### Work instructions
Start at the first line below and write out everything verbatim except the pictures.

### Provided data
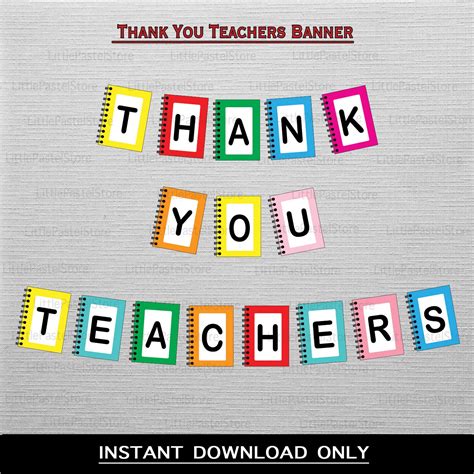 Thank You Teachers Banner Educators Appreciation Week Etsy
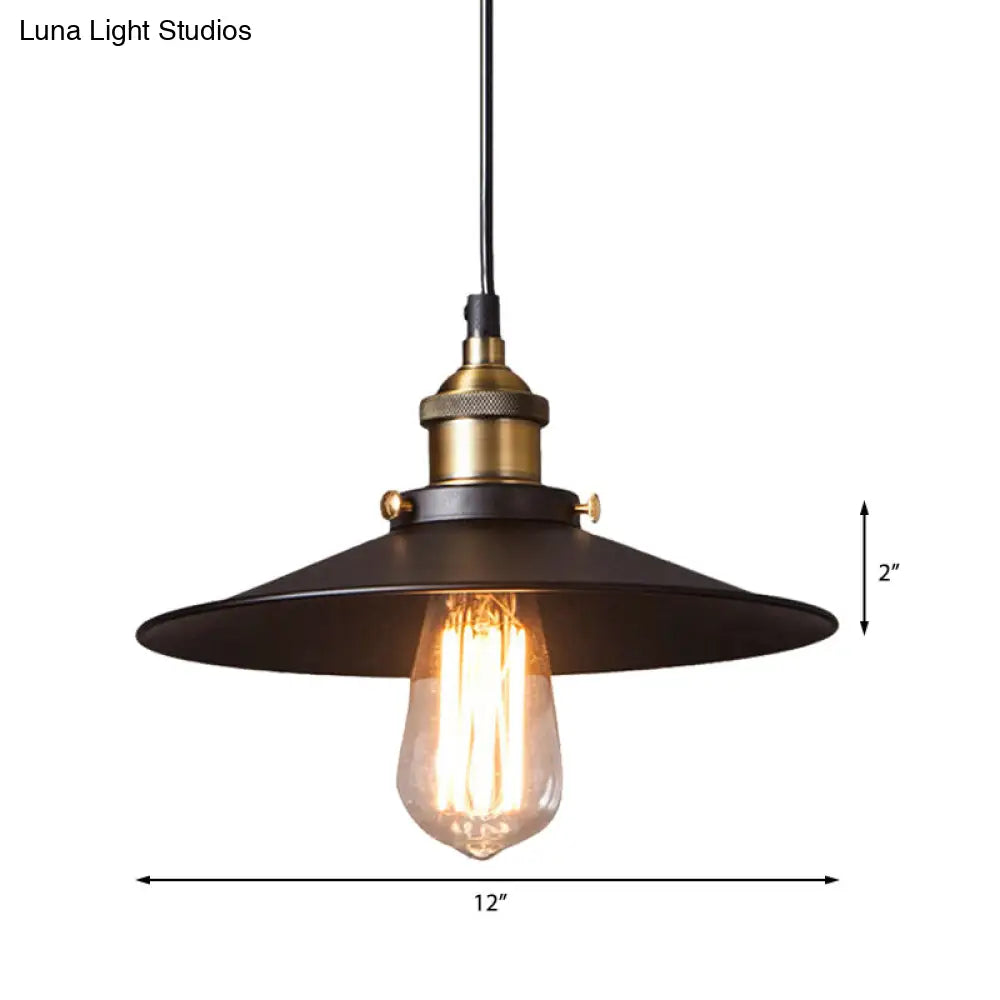 Retro Stylish Metallic Flat Shade Ceiling Pendant With 1 Bulb - Coffee Shop Hanging Lamp In Black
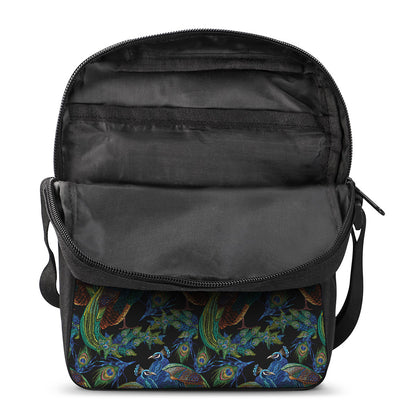 Embroidery Peacock Pattern Print Rectangular Crossbody Bag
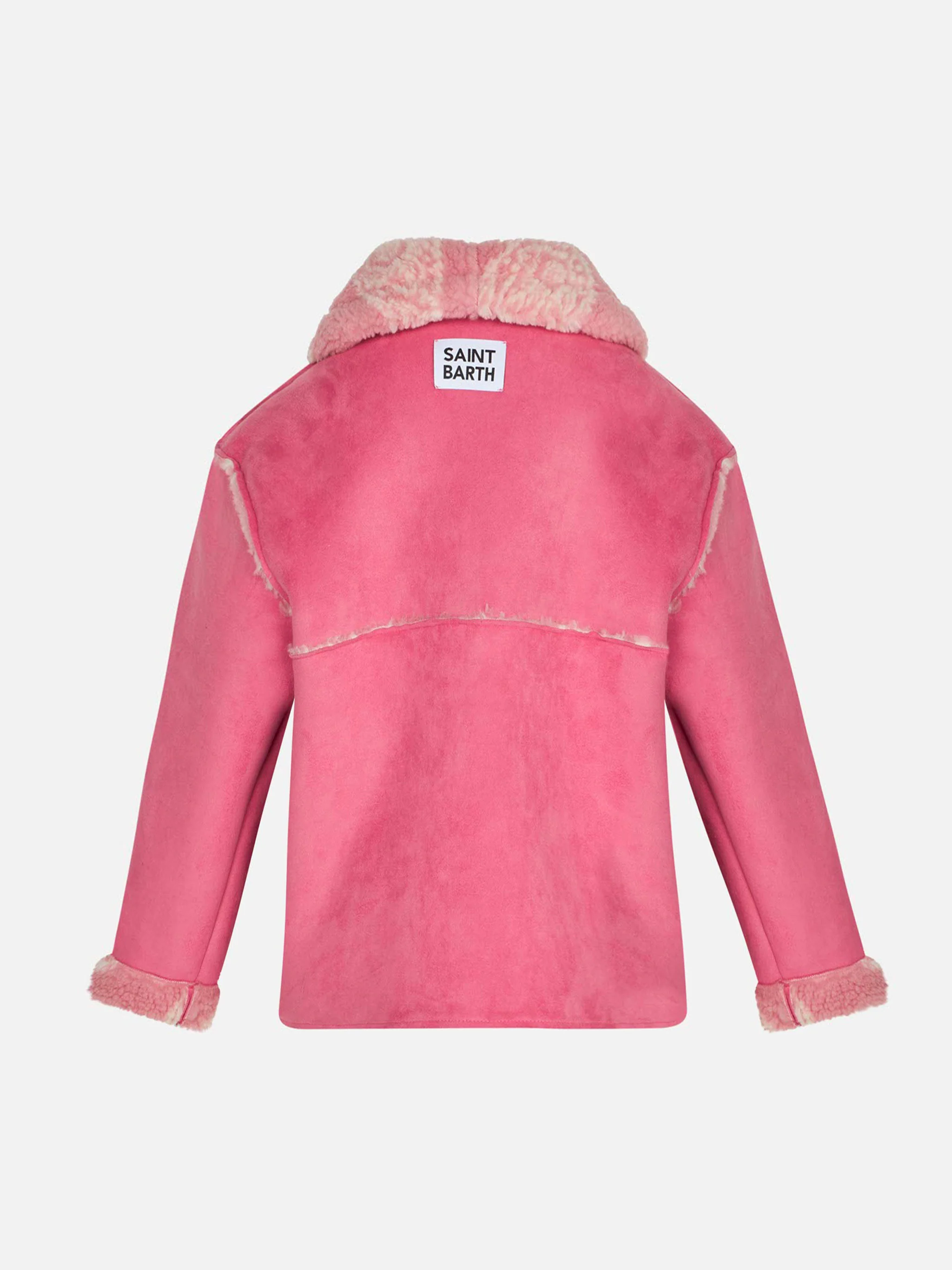 Giubbotto da bambina in shearling con stampa paisley - Image 2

### Answer box
 Thank You Teachers Banner Educators Appreciation Week Etsy
 Retro Stylish Metallic Flat Shade Ceiling Pendant With 1 Bulb - Coffee Shop Hanging Lamp In Black
 Embroidery Peacock Pattern Print Rectangular Crossbody Bag
 Giubbotto da bambina in shearling con stampa paisley - Image 2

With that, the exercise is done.